Workers level concrete on a Chicago highway. Worker productivity, a gauge of employee efficiency, rose at an anual rate of just 1 percent in the first quarter. (Rex Arbogast/Associated Press)

WASHINGTON -- US worker productivity grew less last quarter than the government initially estimated and labor costs climbed, giving the Federal Reserve reason to remain concerned about inflation.

Productivity, a gauge of employee efficiency, rose at an annual rate of 1 percent, down from the 1.7 percent pace reported last month, the Labor Department said yesterday. Labor costs increased 1.8 percent, three times the prior estimate.

The rise in labor expenses, which account for about two-thirds of the cost of producing a good or service, heighten the likelihood that companies will push up prices, economists said. The figures, along with signs that growth is recovering, make it even less likely that policy makers will lower interest rates.
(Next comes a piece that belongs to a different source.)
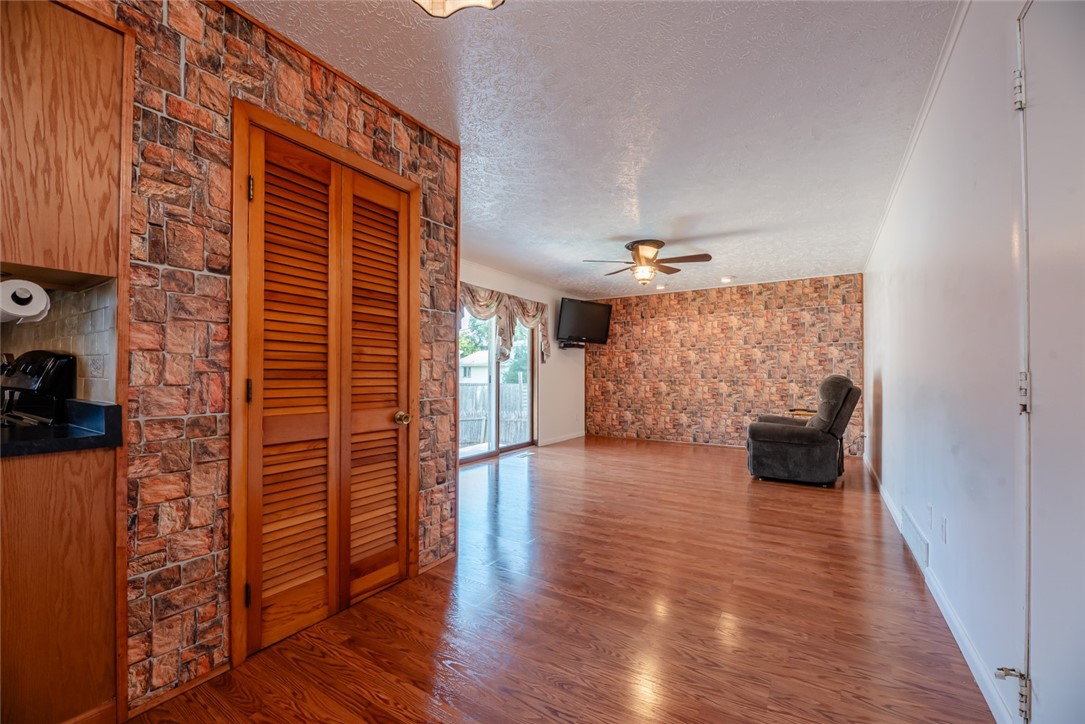 330 Carlsam Drive Irondequoit, NY 14609 - Photo 14 of 43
"There are inflationary pressures coming from the labor market," said Julia Coronado, a senior economist at Barclays Capital Inc., in New York, who correctly forecast the gain in labor costs. "Along with the downward drift in productivity, this will be a concern for the Fed."

Economists had forecast a 1 percent rate of increase in first-quarter productivity, according to the median of 70 forecasts in a Bloomberg News survey. Unit labor costs, which are adjusted for efficiency gains, were projected to rise at a 1.3 percent pace.
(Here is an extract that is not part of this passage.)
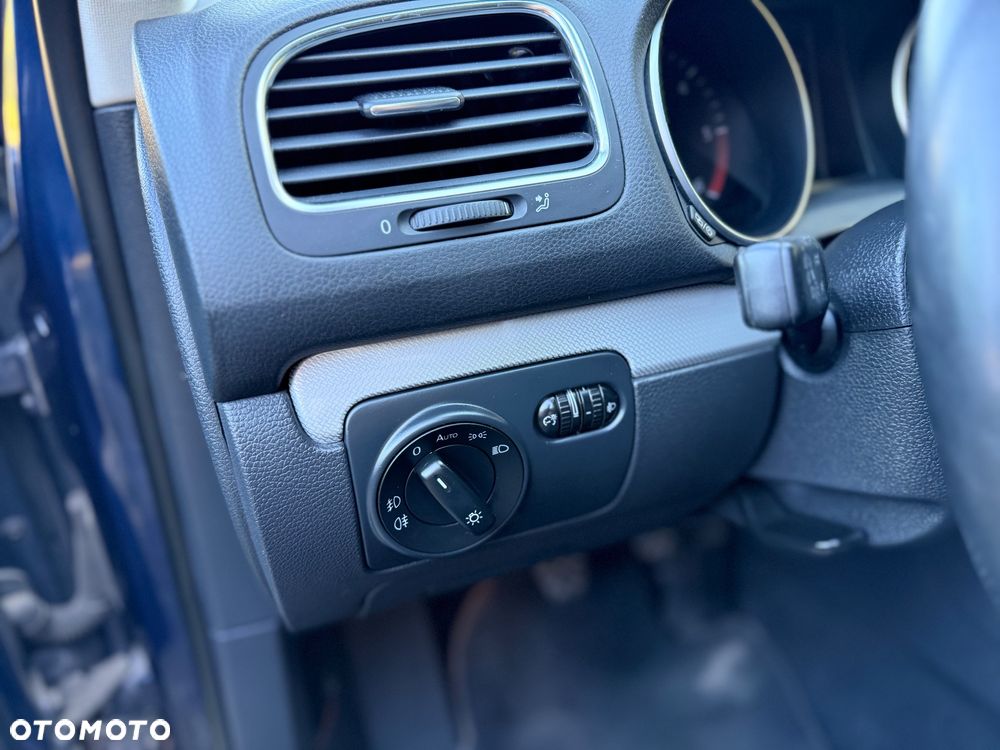 Volkswagen Golf 1.6 TDI DPF BlueMotion Technology MATCH - 10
With yesterday's report, Labor also revised figures for the fourth quarter that reflected, in part, last week's update on gross domestic product and personal income. Productivity rose at an annual rate of 2.1 percent in the fourth quarter, the same as previously estimated. Labor costs jumped 8.9 percent in the last three months of 2006, up from 6.2 percent.
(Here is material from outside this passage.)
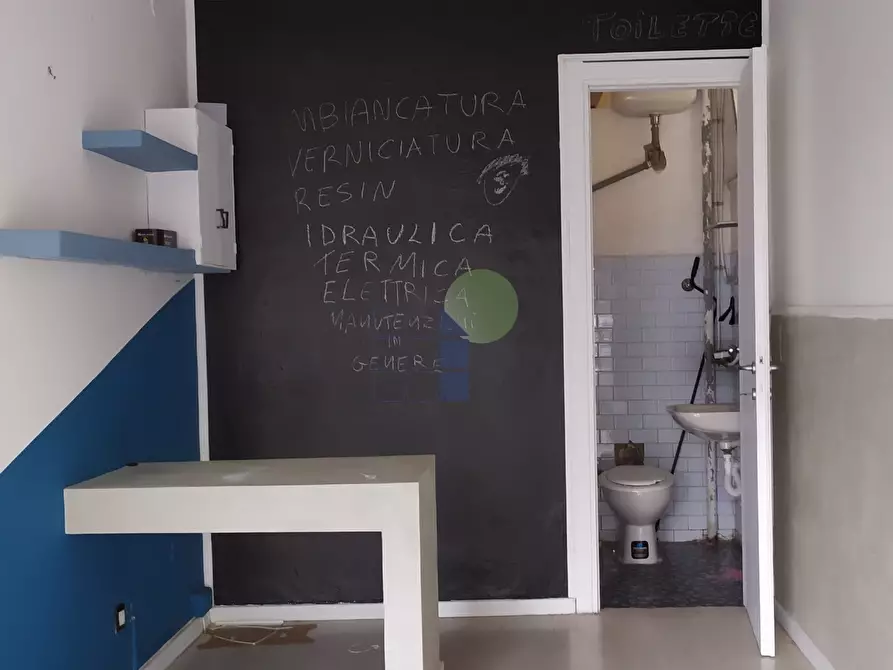 Immagine 5 di Capannone industriale in affitto  in Viale della Libertà 6 a Livorno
Hours worked fell at a 0.4 percent pace last quarter, the biggest drop in almost four years, compared with a 0.3 percent decline initially reported and a 0.8 percent gain the previous three months. Output rose at a 0.6 percent rate last quarter, the smallest increase since the last three months of 2002.

Among manufacturers, productivity rose at a 2.4 percent rate in the first quarter, after increasing at a 1.9 percent rate the prior three months. Productivity at nonfinancial corporations, a measure watched by the Fed, rose at a 0.6 percent rate.